- _What this task involves_
Look below for the line with "V Chrudimi Na" and the line with "Gastos com material"; repeat exactly those two lines and all lines between them, but no pictures.

- _Data in this exercise_
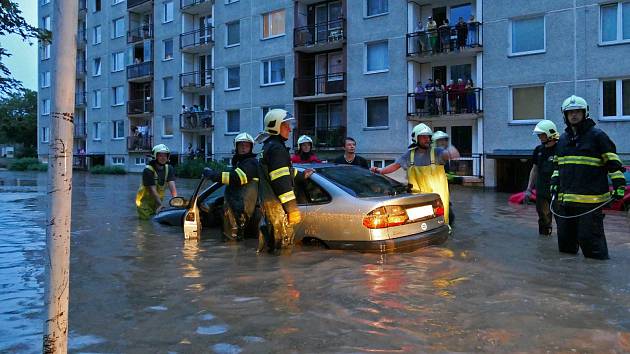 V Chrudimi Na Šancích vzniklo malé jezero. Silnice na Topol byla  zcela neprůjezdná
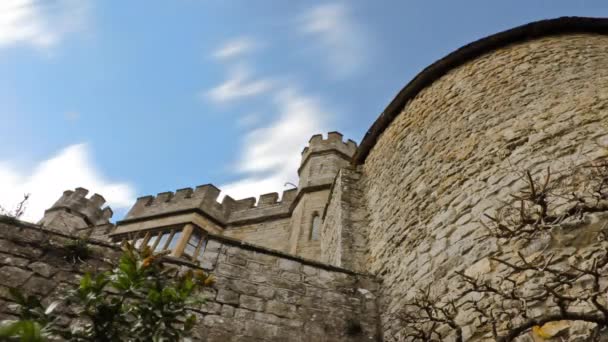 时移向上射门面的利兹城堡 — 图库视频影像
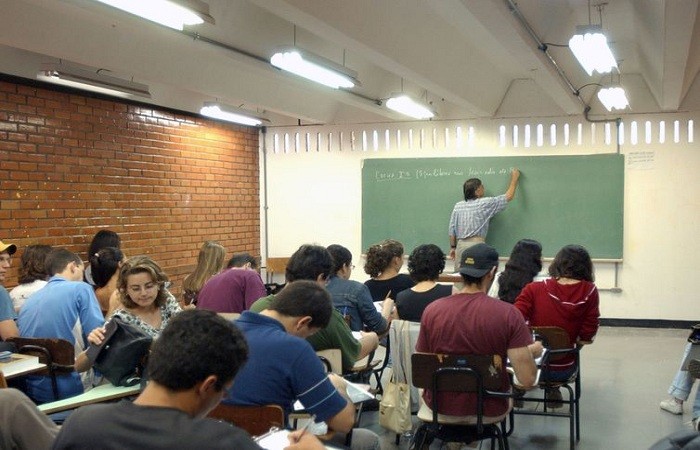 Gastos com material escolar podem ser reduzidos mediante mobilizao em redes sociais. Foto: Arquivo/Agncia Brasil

==

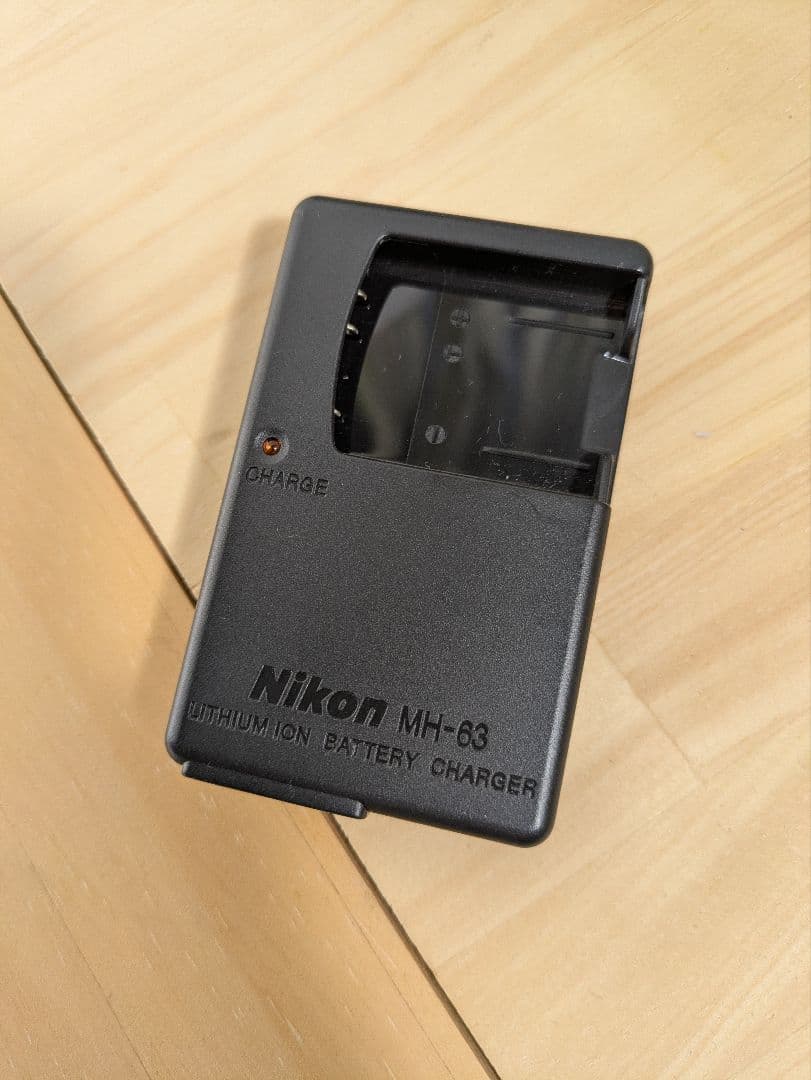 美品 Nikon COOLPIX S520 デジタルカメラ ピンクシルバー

...

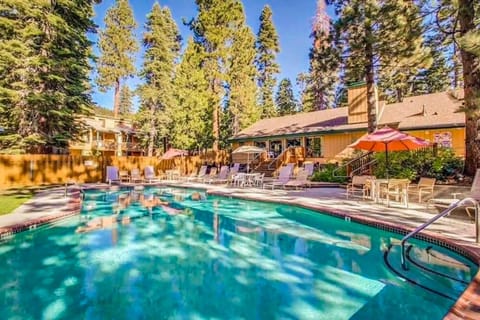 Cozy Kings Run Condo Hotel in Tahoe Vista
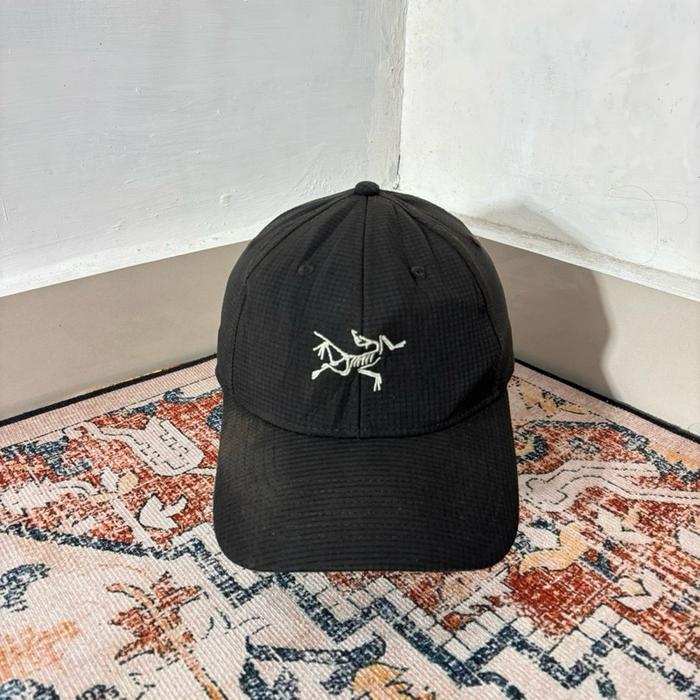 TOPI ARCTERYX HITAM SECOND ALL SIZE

- _Answer box_
 V Chrudimi Na Šancích vzniklo malé jezero. Silnice na Topol byla  zcela neprůjezdná
 时移向上射门面的利兹城堡 — 图库视频影像
 Gastos com material escolar podem ser reduzidos mediante mobilizao em redes sociais. Foto: Arquivo/Agncia Brasil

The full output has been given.